Действительно, ему предстоит важное и высокое служение, которое он несет и совершает на благо всего человечества: ибо он есть свободный и неподкупный провозвестник, показующий людям объективно-значительные и притом для многих сокровенные духовные содержания. В этом его призвание, которому он и посвящает себя; в этом его «должность», которую он свободно возлагает на себя. И это призвание предполагает у него определенные склонности и способности, которые он должен иметь или приобрести. Не каждому дано созерцать сокровенные духовные содержания, развивать и укреплять в себе это созерцание, следовать узренному ответственно и в строгом повиновении, вынашивать задуманное и изображать его в оправданных, необходимых и точных образах. А к этому сводится главное в искусстве. Искусство, которое ничего не знает об этом, а может быть, и не желает знать — не есть искусство; это есть безответственная игра, баловство или же доходный промысел, а может быть, и то и другое одновременно: автор кощунственно балуется и богатеет (Пикассо). Бороться с такими промышленниками трудно; устранить их из жизни совсем, может быть, даже невозможно. Но если такие затеи начинают вытеснять художество или заменять его, тогда искусство вступает в критический период, в эпоху упадка: оно отрывается от своего призвания и от своего главного назначения.

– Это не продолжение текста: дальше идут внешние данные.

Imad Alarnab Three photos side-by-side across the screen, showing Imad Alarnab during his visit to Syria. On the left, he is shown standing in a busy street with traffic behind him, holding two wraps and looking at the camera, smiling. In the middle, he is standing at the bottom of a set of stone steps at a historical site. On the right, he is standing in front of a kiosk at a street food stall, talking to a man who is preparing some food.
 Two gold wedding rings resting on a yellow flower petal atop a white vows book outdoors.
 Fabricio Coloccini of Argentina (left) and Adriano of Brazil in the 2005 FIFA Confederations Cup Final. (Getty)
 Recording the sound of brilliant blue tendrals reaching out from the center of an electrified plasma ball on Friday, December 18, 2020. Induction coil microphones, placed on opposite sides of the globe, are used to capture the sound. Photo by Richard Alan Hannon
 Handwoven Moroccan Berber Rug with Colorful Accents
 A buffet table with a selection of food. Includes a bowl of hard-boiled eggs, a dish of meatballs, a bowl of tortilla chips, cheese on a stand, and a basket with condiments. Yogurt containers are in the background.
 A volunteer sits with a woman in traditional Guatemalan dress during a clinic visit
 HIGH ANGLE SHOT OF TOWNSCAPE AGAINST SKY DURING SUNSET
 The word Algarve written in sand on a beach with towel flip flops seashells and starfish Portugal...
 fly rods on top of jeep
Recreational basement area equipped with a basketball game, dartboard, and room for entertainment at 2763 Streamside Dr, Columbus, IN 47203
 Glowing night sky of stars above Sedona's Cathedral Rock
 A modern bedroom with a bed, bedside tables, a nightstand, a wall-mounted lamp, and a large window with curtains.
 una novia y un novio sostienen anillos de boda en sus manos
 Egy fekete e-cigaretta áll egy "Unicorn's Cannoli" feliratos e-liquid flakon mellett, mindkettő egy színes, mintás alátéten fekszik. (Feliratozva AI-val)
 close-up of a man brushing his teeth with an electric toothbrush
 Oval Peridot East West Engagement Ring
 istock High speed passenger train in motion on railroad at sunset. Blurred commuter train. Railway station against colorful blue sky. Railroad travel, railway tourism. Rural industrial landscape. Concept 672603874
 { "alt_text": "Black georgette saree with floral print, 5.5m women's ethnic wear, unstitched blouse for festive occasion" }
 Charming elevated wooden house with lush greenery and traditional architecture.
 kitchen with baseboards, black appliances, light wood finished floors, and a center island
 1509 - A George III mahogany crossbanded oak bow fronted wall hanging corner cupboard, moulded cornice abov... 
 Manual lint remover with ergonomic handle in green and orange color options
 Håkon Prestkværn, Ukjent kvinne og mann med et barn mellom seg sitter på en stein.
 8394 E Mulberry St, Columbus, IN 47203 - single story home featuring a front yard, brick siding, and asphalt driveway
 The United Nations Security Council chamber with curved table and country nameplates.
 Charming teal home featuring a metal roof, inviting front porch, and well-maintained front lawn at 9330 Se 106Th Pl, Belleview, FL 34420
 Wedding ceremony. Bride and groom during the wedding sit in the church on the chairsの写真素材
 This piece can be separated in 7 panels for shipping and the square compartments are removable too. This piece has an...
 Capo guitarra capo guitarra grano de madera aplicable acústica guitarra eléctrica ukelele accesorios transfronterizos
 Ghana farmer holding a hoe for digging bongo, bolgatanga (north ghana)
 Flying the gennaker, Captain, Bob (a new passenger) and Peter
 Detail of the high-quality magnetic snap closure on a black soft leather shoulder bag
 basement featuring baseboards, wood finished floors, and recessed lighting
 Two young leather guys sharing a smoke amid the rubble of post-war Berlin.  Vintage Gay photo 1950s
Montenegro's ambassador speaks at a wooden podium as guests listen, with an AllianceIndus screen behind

Настоящий художник отправляет духовное служение. Он совсем не призван развлекать публику, увеселять ее или угождать ей. Он призван созерцать «внутренне», вслушиваться в него, служить ему и повиноваться, погружаться в него и творить из него, сообщать и возвещать о нем. Торговать и торговаться — не его дело. Он должен как бы заклинать в самом себе «духа земли». Он должен находить то «пространство», где живут духовные содержания, вступать в него и почерпать в нем предметные медитации. Он должен поставить себя в распоряжение Божьего дела, его сокровенной борьбы и его творческих страданий — и приобщиться этой борьбе и этим страданиям через отождествление с ними. Чем ответственнее он совершает при этом свое служение, тем глубже становятся его медитации; чем полнее он отводит и исключает свой собственный произвол, тем более предметными, истинными и художественными оказываются его «прорицания»; чем сосредоточеннее и строже становится его внутренняя дисциплина, тем благоуханнее и «слаще» становится «медь» его искусства.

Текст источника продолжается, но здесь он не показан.